Clementina Pennycuick and family


Clementina Pennycuick and family at Newton Stewart, ca. 1900

From L to R: Hilda Pennycuick (daughter of Col. John), Clementina, Bryda (daughter of Col. John), James, Agnes


Edward (as he was called in the family) married Clementina, daughter of Capt. Henry Woodhead, in 1881 in Brighton. Their two children grew up in Ceylon. Edward was a forceful, hot-tempered man, an excellent mathematician and skilled fly-fisherman, and unfortunately a heavy smoker: a few months after retiring to Scotland in 1901, to Challoch near Newton Stewart in Galloway, he died from throat cancer.i After his death Clementina lived with her parents' family in Sussex, where she died in 1925. She is buried in the family tomb at Challoch.

Agnes Pennycuick


Agnes Pennycuick in 1911

Photo courtesy of the Hickey family

Agnes Helen

The daughter of Charles E.D. Pennycuick, Agnes was born in Steyning, Sussex in 1887, and grew up in Ceylon and Scotland, where she was presented at the Court of King Edward VII at Holyrood in June 1911.iv She married Edward C. Malet-Warden, a commander in the Navy, in 1915, and they lived first in Edinburgh, where their daughter Elizabeth was born. The other children, Charles, Bryda and Hamish were probably also born in Scotland. Agnes and Edward divorced in 1930, and she moved to her daughter's family in Dublin, where she died in 1948. She is also buried in Challoch. Elizabeth married Noel Sidney Hickey and became a well-known historian, living in Skryne Castle in Co. Meath, Ireland.6 The Hickey family have their own excellent website,7 and I am grateful to Eoin Hickey for information, photos and his book.

James A C Pennycuick


Capt. James A.C. Pennycuick in 1925

James Alexander Charles

The son of Charles E.D. Pennycuick, James was born in June 1890 in Ceylon (although in his own notes he is reticent about his birthplace) and spent his childhood there. He attended Loretto School and Glenalmond College in Scotland, going on to the RMA, Woolwich, passing out as a 2nd lieutenant, Royal Engineers, in 1910. He served in both world wars, received the DSO in 1914, and saw action at the retreat from Mons and the Somme. Between the wars he worked at the Staff College at Camberley, in India, Singapore and the UK. He retired from active service in 1941 as a colonel. In World War II he was Regional Commissioner in Italy from 1943-47, and was demobilised in 1948. More details of his military career are given in the notes compiled by him and his daughter Janet.i He died in Sussex in 1960.

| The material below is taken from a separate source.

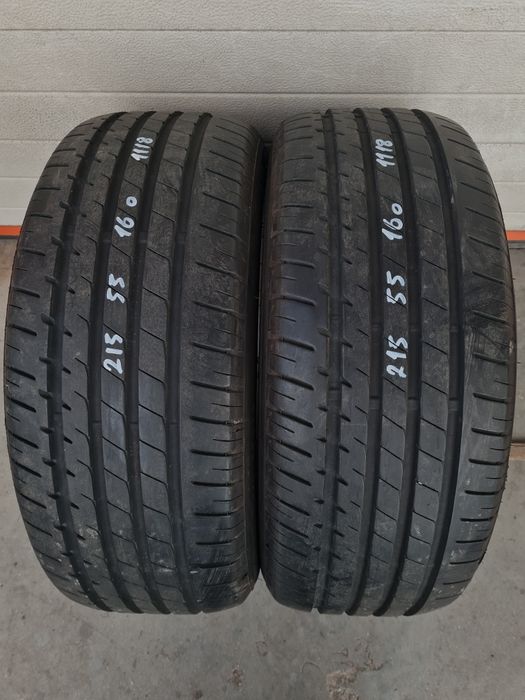 Летни гуми 2 броя LASSA DriveWays 215 55 R16 дот 1118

James married Marjorie Florence Rhoda Leigh Hare (daughter of Sir George Ralph Leigh Hare, Bt.) in 1923 in Gressenhall, near Dereham in Norfolk.8 They were keen on sports - James's family history album includes many photos of tennis, mountaineering, riding and shooting.i They had two daughters and a son:

Janet was born in Simla in northern India and worked as a typist for the War Office in World War II, attended the Potsdam conference, and immediately after the war, was among the first to enter Hitler's bunker in Berlin.

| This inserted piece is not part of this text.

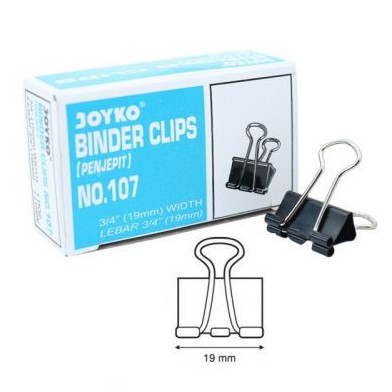 Binder Clip / Joyko Binder Clip no. 107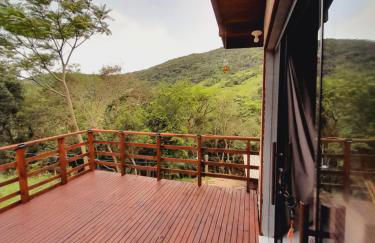 Casa da Cachoeira Siriú-SC - Foto 15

Jacqueline Sarah ('Sally'), also born in Simla, worked as a GP in England. Her eldest daughter Professor Diana Gibb is a pediatrician.

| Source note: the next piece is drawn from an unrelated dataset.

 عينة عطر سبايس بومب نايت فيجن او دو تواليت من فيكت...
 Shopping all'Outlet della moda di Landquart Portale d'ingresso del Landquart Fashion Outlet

Colin: James Pennycuick's youngest child, born in Windsor in 1933, became Professor Colin James Pennycuick, FRS,9 a world authority on the mechanics of bird flight. Fascinated by birds and flying, he developed novel methods of studying the creatures in flight, first using wind tunnels, and then flying alongside them in gliders and light aircraft. A programme he developed in the 1980s to calculate flight speeds is still widely used. He died in December 2019.10,11 His son Adam is a respiratory physician at University College London.